Another way of looking at it.

If every time they wake her up they either put an "H" ball in the bucket or a "T" ball in the bucket. Each game will either (Heads) result in one "H" ball or (Tails) two "T" balls in the bucket. For 1000 games there should be, on average, 500 "H" and 1000 "T", so the ratio is 1/3. This is what she should guess.

You're preaching to choir with me.

Quote:ps - I can't see the paradox with this.

In the future, if I write about this, I'll call it a puzzle instead. Other sources refer to it as a "paradox" because it seems counter-intuitive that the answer is anything about 1/2. However, I don't see how the 1/2 side holds any water. Much like Alan's two-dice puzzle, just because so many people are wrong, doesn't mean the right answer should have any doubt.

I would consider that a substantial "rewording." Its as if you claim you are going to flip a fair coin numerous times but will count each "heads" double what you will count a "tails" when you tally the results. Then you act as if that changes what a "perfect logician" should predict as the probability of whether a toss is heads or tails.Quote:WizardSince what is being asked is a bit vague, let me offer a rewording, which the 1/2 camp may take issue with.

Did I miss something somewhere?

How's this for a rewording:

I will flip a fair coin numerous times. If a result is tails, I will record "1" in the tails column. If the result is heads, I will record a variable number in the heads column. That number will be biased, but you will have no information as to how I determine the bias. Your assignment is to determine which column will receive the higher total at the end of the flips. How do you come up with the answer if you are a "perfect logician"?

Seems like a wasted effort, not what I consider a paradox.

Then again, I'm always wrong on these apparently simple odds questions!

EDIT: I didn't read the rewording or anyone else's answers. My answer relates to the OP.

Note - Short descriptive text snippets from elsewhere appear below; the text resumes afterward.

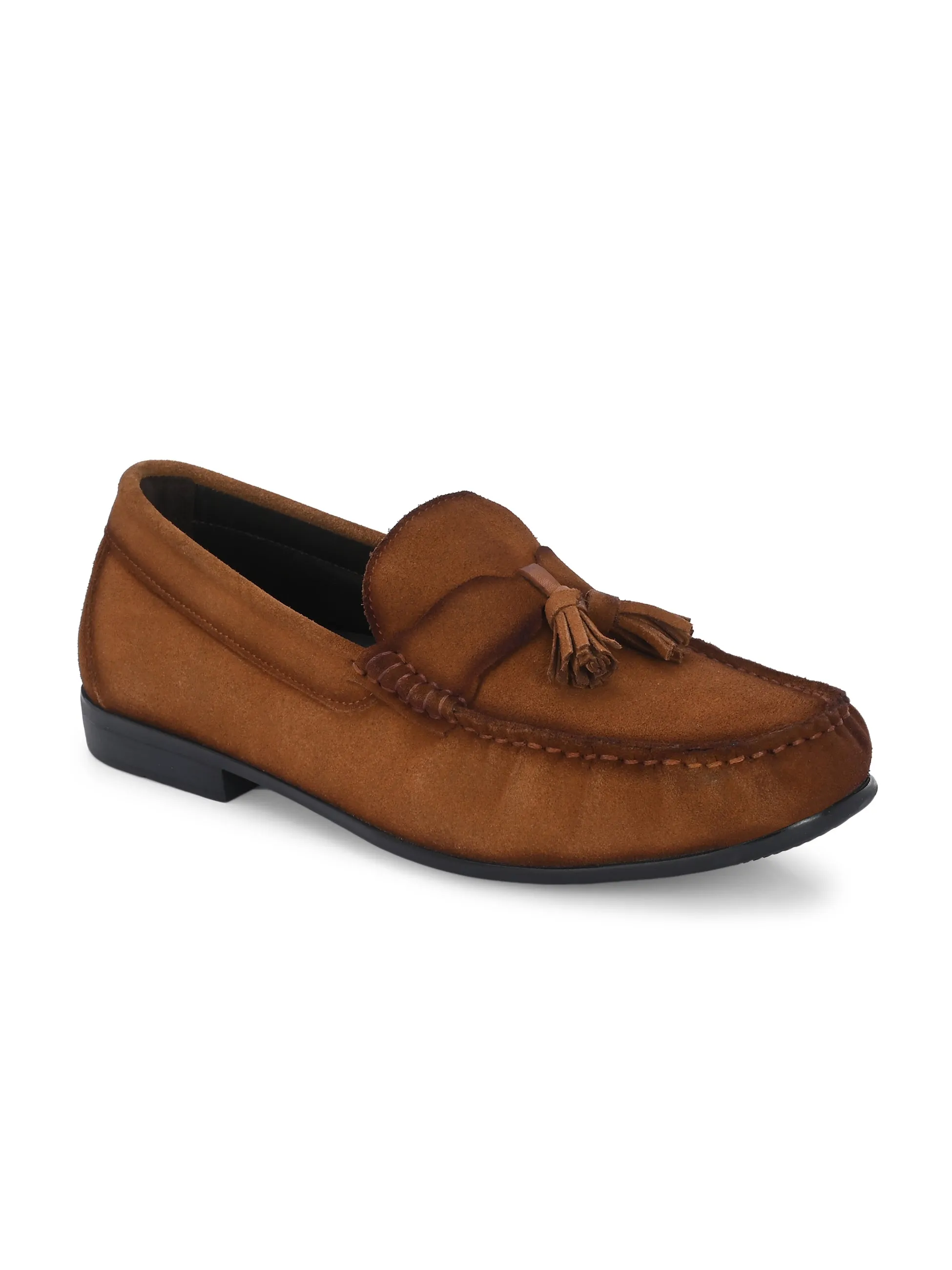 HITZ Men's Tan Leather Casual Loafers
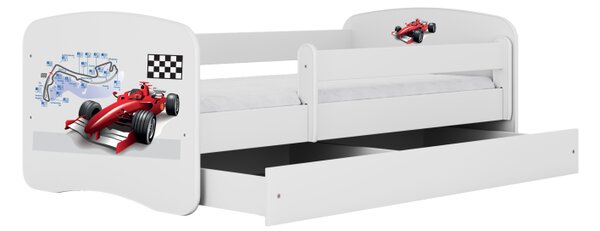 Detská posteľ FORMULA s pretekárskym autom Farba: Biela, Rozmer: 140 × 70 cm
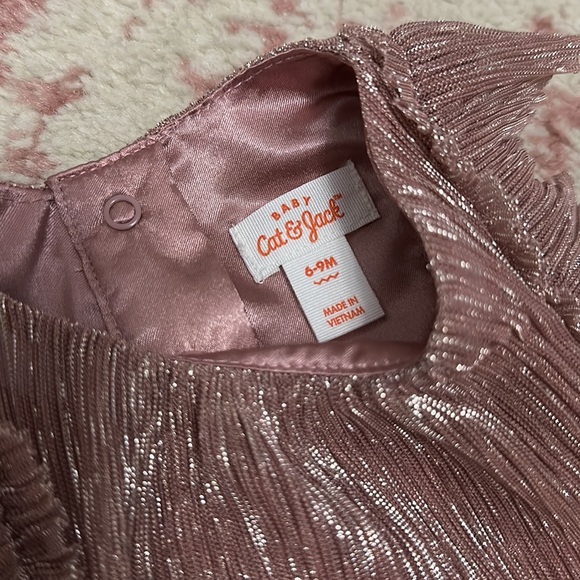 Metallic pink baby girl dress 6-9M - Picture 2 of 2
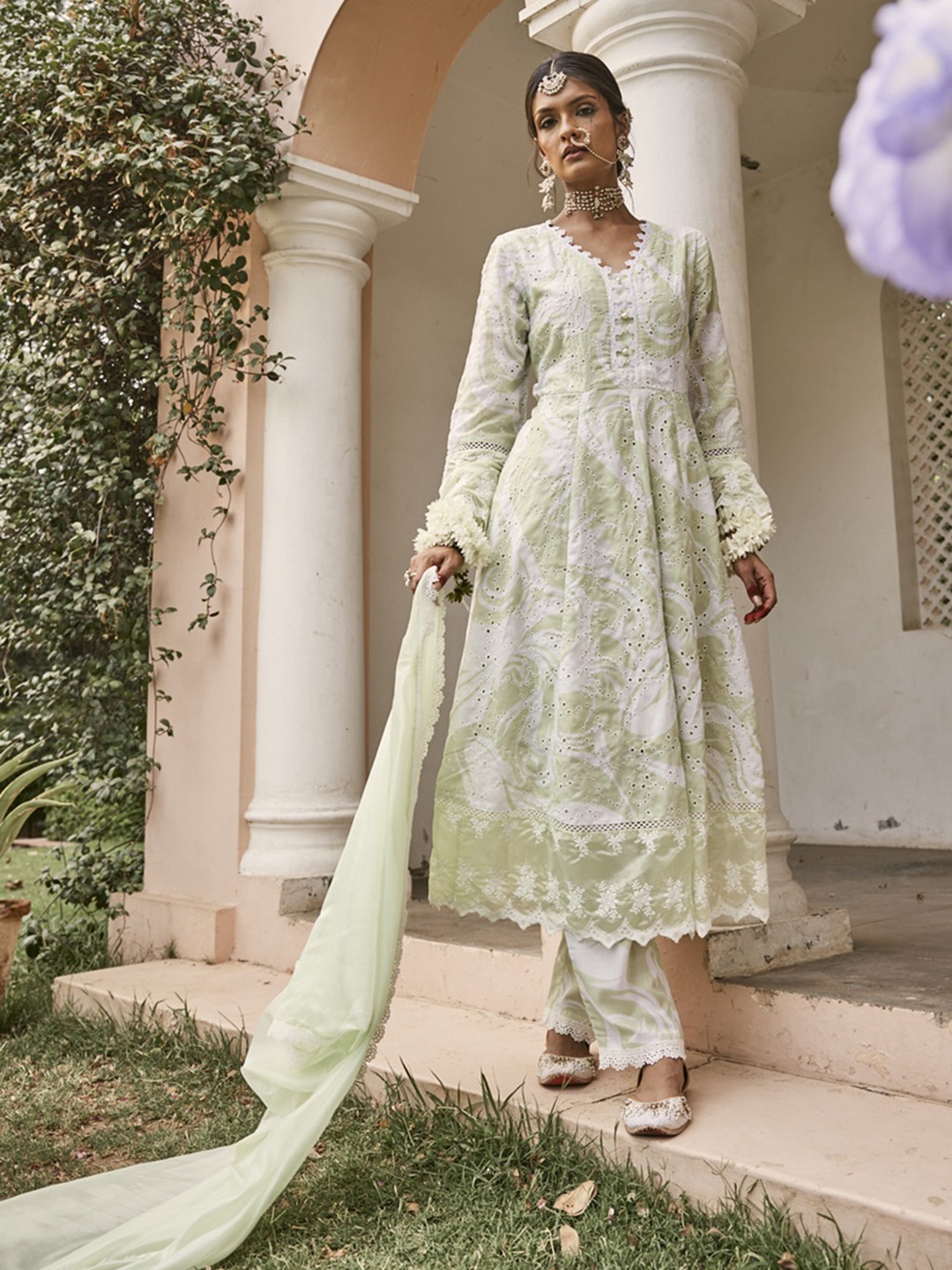 

HEEPOSH Women Ethnic Motifs Printed Pure Cotton Kurta with Trousers & With Dupatta, Green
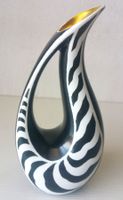 Vintage Zebra Porzellan-Vase, Pop-Art, signiert LP, 1958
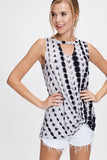 Tie Dye Cut Out Choker Top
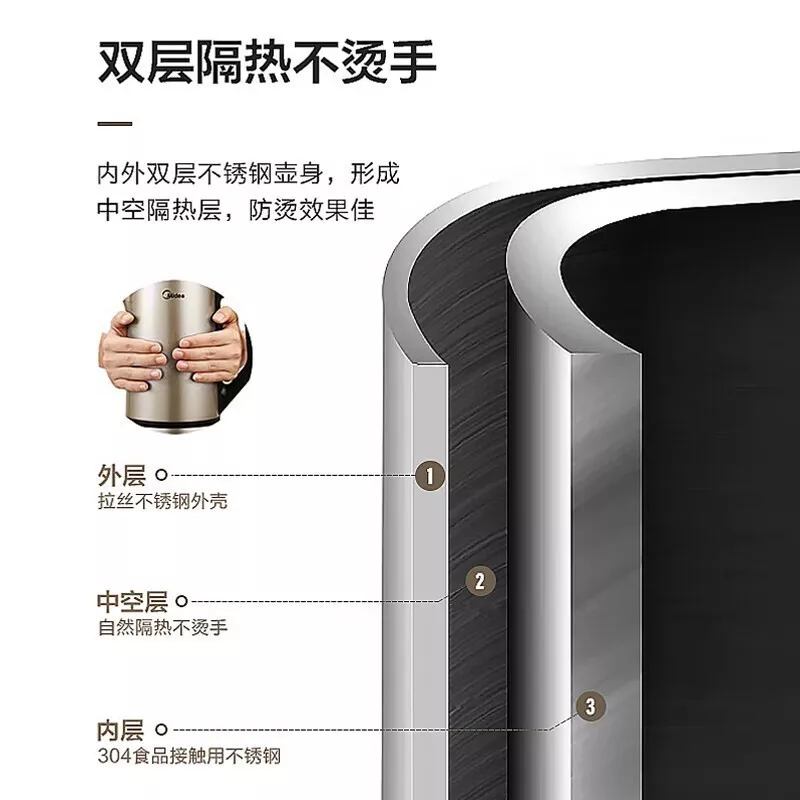 美的 （Midea） 电热水壶家用1.7L烧水壶双钢防烫防干烧热水壶304不锈钢电水壶PJ17A01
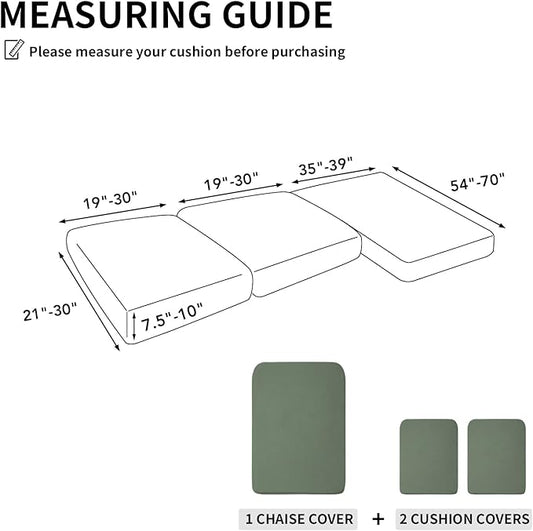 Easy-Going Stretch 3 Pieces Couch Cushion Covers for Sectional Sofa Left/Right L Shape Chaise Lounge Sofa Seat slipcover Anti-Slip Sofa Cover Soft (2 Seater + 1 Chaise, Greyish Green)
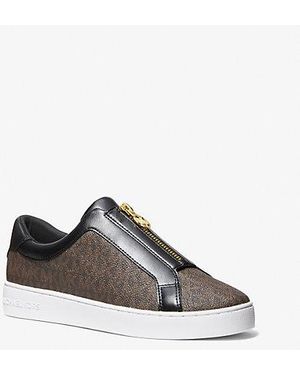 MICHAEL Michael Kors Mk Keaton Signature Logo Zip-Up Sneakers - Gray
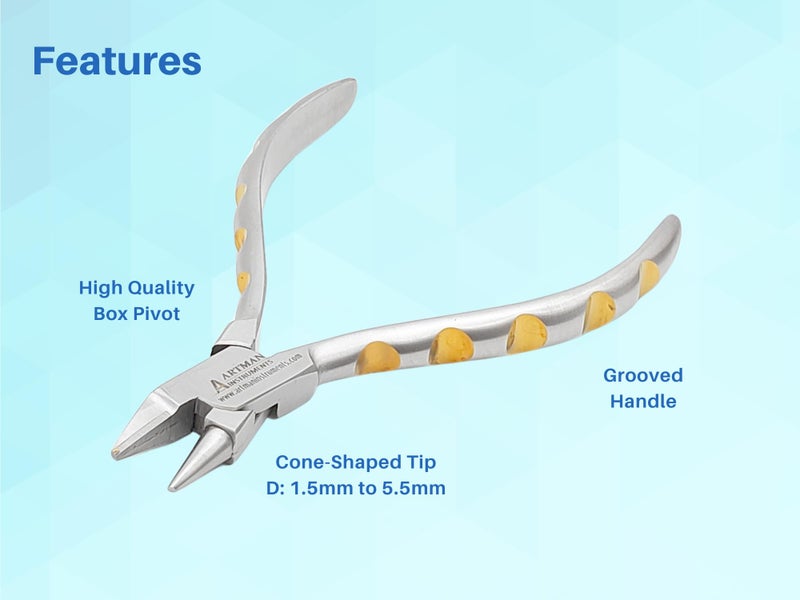 ARTMAN INSTRUMENTS Bird Beak Pliers Small Tip Loop Forming Pliers, Stainless Steel Orthodontic Bending & Shaping Tool, Precision Loop & Wire Forming Pliers, Golden Dot Series - Image 5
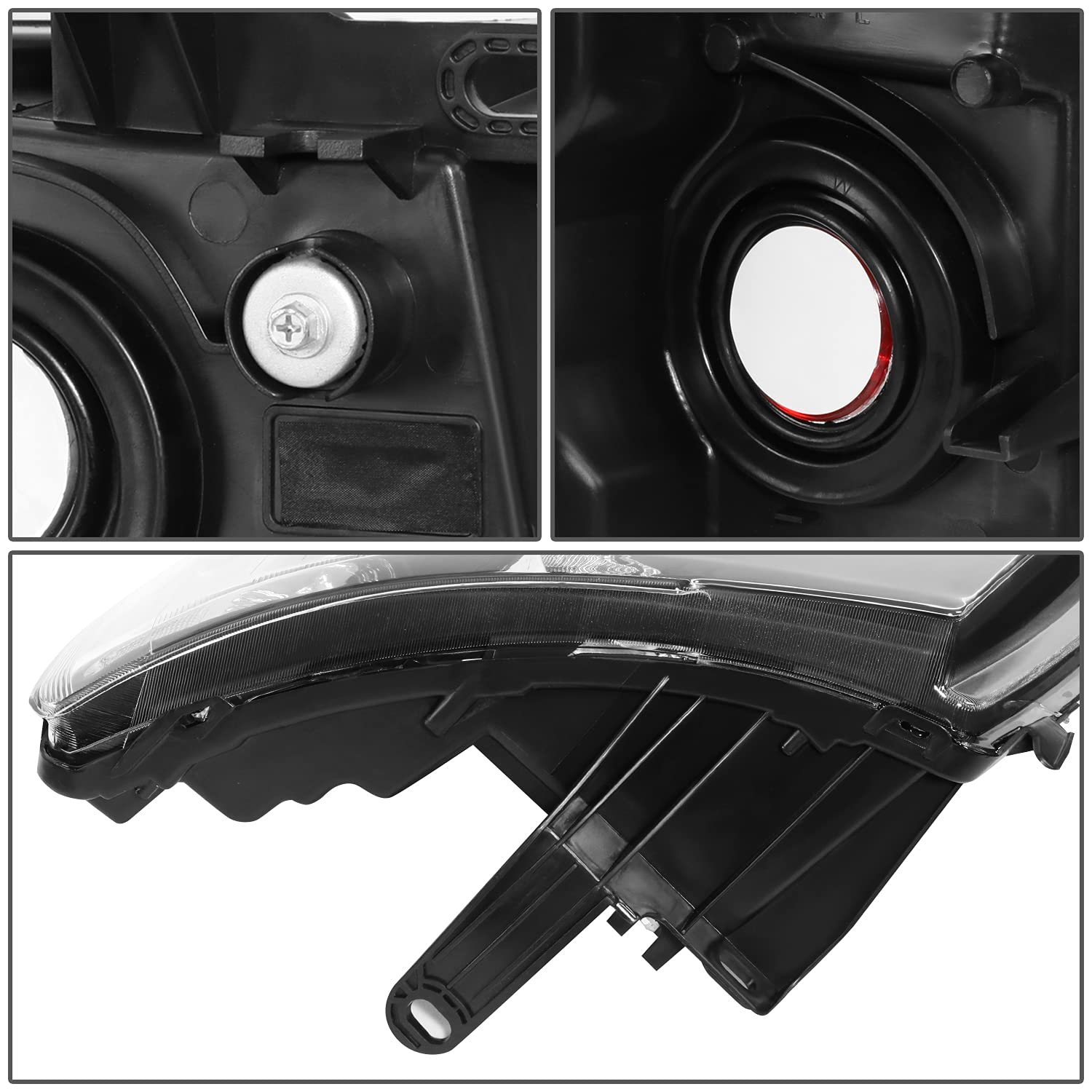 DNA MOTORING Black Housing Headlights for 07-13 Silverado 1500, 07-14 Silverado 2500 HD/3500, Model HL-OH-CSIL07-BK-CL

The girl (perfect logician) will be informed fully of the rules. She will then be placed in a trace, and a fair coin will be flipped one time. If it is heads, she will be executed in her sleep. If it is tails, she will be awakened and asked what the probability was for a heads result.

Under that wording, I think her answer would/should be: "The probability of heads was and is 50%. In this particular trial, the actual result appears to have been tails."